The other aspect of Parkland that makes the film of its time is its filmmaking style. Like films such as United 93, first time director Peter Landesman makes use of handheld cameras which shove their way through the crowds that clog the cramped confines of hospital rooms, police headquarters hallways, FBI offices, and West End office suites. Landesman then takes these tightly-cropped scenes to build a mosaic panorama of the day, cutting back and forth between a handful of storylines.

Those storylines include, as the title suggests, the hospital’s story: the exhausted nurses and doctors who work furiously on JFK only to then find themselves trying to save his alleged killer hours later. There’s also the FBI agents who quickly surmise that Oswald had waltzed into their offices just weeks before he shot Kennedy, which sends the office into panic. We also watch the secret service men make their way through the uneasy day. But the two most intriguing storylines are the ones that are more intimately focused on single characters. Zapruder is played by Paul Giamatti, and he becomes a stand in for national mourning, his camera tethering him to the horror of the tragedy. James Badge Dale portrays an often overlooked character, Robert Oswald, Lee Harvey’s brother, who is struggling to come to grips with what his brother has done. In Breaking Bad fashion, Robert whispers to his brother through a glass booth in the police station: “I don’t know who you are.”

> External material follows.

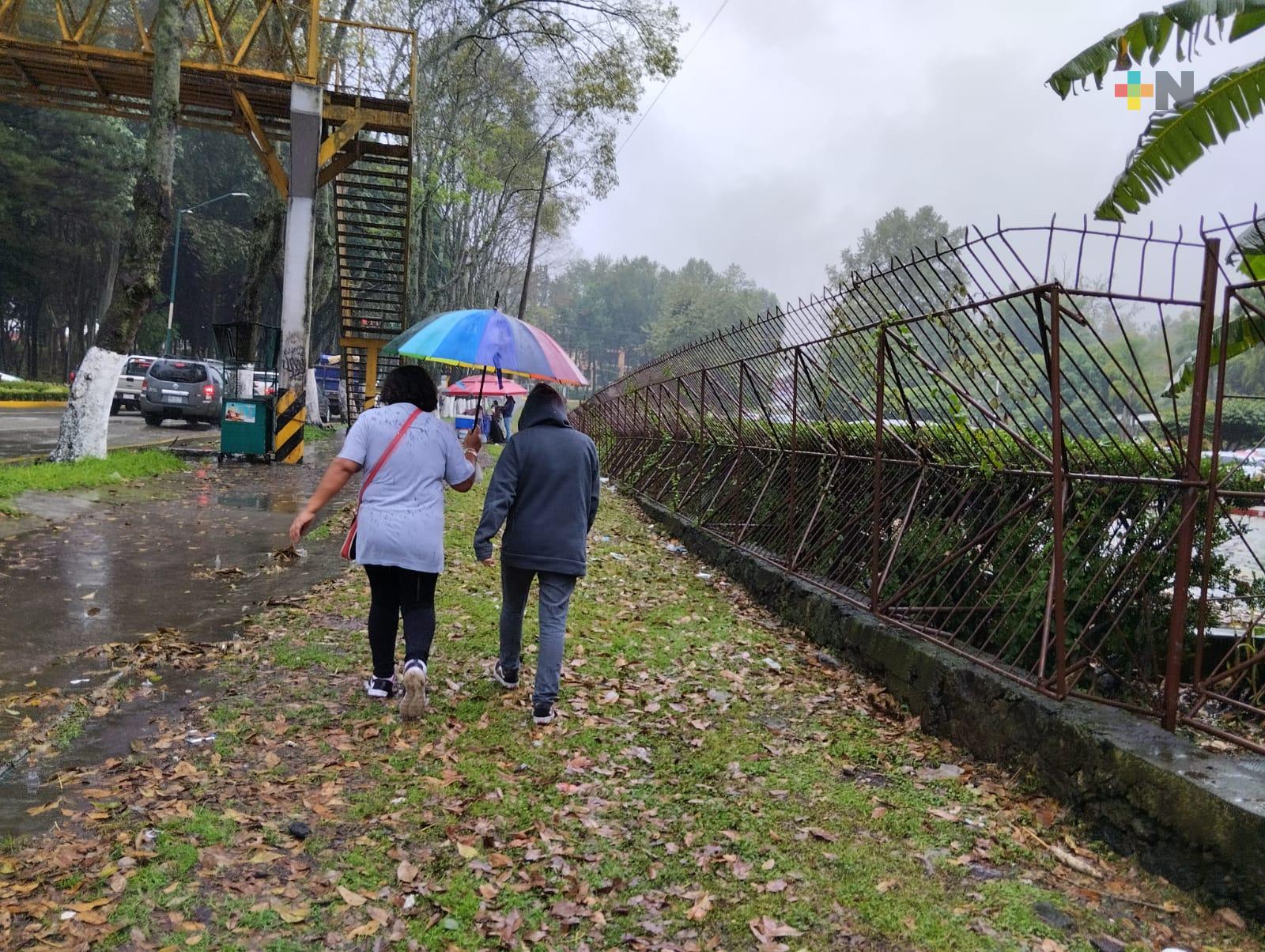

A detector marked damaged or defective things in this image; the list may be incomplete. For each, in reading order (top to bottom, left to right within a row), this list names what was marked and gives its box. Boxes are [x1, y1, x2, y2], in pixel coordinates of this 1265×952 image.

As a historical document, Parkland feels fresh because of its insistence on staying so close to the immediate events that there is no room for the complicated layers that have obscured our view of the assassination over the past 50 years. As a result, it feels like the kind of movie Dallas would like to have made about the assassination, a kind of elegy about processing tragedy and morning loss. Its slow and shaking procession makes the film feel plodding, lifted by sudden shots of dramatic adrenaline. And Dallas only gets one real knock, when the secret service come out of Parkland into the bright sun and see some cowboy-hatted detectives standing under a mesquite tree. “What a shitty place to die,” one of the agents remarks. Otherwise, the “City of Hate” moniker is offset by wholesome, well-meaning bit players like baby-faced Zac Efron, Marcia Gay Harden’s Nurse Doris, Zapruder and Oswald’s brother.

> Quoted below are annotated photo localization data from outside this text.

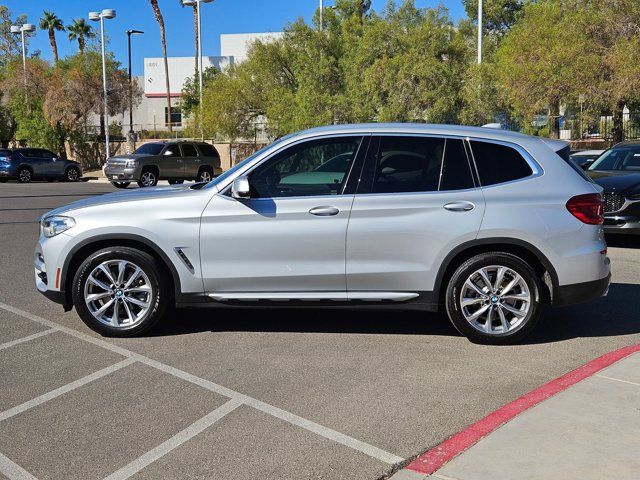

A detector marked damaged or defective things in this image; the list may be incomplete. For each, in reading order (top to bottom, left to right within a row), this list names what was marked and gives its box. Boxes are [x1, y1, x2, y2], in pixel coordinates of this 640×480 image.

parking lot pavement crack [0, 328, 57, 350]
parking lot pavement crack [0, 358, 136, 422]
parking lot pavement crack [0, 304, 402, 464]
parking lot pavement crack [0, 450, 37, 480]
parking lot pavement crack [104, 398, 244, 480]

And yet, without the conspiracies, the media cluster, the strange character of Oswald, and the negligence and confusion, you’re left wondering just how the JFK assassination captivated the nation for so many decades. The steady, mournful tone makes for a film that is one dimensional, and its historical vignettes are more intriguing for their realistic texture than for any dramatic fodder. By stripping away the conspiracy and confusion, it is as if Parkland puts a period on 50 years of voyeuristic infatuation with the blackness and confusion of the JFK assassination. A president died, but it is time to move on.